**ACTIVITY:** Only one stretch of the records below is wanted: the lines from the one holding "Festive bright colorful" through the one holding "Linda K Berkeley, smiling". Return it exactly, both ends included.

[Data entries]
* * *
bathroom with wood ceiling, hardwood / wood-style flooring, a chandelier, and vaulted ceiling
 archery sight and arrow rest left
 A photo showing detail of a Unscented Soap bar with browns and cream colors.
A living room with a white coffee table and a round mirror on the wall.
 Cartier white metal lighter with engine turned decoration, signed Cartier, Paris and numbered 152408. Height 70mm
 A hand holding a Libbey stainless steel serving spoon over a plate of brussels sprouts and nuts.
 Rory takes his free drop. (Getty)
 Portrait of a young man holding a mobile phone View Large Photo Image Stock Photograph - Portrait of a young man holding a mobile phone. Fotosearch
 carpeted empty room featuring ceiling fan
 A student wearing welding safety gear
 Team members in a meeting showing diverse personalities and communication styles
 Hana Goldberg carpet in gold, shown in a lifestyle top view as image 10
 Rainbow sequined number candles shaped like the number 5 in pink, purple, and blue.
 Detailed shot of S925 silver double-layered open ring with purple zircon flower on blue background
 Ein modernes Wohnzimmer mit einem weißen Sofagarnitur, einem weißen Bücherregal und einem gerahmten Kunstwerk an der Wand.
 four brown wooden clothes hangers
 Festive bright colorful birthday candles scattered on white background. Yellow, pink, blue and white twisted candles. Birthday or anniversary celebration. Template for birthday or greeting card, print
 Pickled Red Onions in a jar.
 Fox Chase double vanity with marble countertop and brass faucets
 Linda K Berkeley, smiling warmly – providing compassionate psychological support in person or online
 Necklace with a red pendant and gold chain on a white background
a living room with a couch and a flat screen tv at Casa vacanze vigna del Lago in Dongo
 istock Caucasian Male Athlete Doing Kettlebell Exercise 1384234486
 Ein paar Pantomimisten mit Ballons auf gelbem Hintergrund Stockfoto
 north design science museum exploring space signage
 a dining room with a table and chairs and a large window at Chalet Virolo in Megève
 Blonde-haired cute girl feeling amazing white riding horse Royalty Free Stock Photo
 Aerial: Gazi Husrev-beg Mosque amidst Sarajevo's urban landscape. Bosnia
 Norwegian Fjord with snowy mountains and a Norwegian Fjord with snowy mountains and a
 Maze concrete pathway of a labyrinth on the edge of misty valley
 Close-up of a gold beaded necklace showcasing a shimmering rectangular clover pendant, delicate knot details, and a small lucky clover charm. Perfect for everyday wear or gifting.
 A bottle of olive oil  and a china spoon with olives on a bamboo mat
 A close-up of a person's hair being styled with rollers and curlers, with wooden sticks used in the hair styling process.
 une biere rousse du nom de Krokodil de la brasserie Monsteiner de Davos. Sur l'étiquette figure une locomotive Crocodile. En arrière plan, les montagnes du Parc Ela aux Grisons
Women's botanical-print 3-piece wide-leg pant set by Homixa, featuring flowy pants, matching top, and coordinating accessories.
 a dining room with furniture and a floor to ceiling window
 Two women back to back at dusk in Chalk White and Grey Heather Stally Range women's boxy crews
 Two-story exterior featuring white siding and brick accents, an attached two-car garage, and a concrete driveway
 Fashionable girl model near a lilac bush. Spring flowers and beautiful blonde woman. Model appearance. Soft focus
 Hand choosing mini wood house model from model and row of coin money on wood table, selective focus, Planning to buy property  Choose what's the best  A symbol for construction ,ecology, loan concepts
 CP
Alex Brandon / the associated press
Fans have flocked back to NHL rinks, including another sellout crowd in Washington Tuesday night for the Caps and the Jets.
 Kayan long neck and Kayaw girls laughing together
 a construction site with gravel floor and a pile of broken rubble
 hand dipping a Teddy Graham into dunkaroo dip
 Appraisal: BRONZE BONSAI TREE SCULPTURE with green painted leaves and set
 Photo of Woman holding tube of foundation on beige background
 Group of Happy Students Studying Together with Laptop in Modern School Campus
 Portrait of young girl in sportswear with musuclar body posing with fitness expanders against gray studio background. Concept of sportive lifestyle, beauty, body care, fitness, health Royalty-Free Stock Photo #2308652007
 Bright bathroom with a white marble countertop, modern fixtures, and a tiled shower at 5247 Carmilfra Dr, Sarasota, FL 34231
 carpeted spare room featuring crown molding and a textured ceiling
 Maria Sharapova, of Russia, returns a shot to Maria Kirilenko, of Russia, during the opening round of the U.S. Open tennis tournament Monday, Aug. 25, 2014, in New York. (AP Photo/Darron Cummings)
* * *
**EXERCISE ANSWER:**
 Festive bright colorful birthday candles scattered on white background. Yellow, pink, blue and white twisted candles. Birthday or anniversary celebration. Template for birthday or greeting card, print
 Pickled Red Onions in a jar.
 Fox Chase double vanity with marble countertop and brass faucets
 Linda K Berkeley, smiling warmly – providing compassionate psychological support in person or online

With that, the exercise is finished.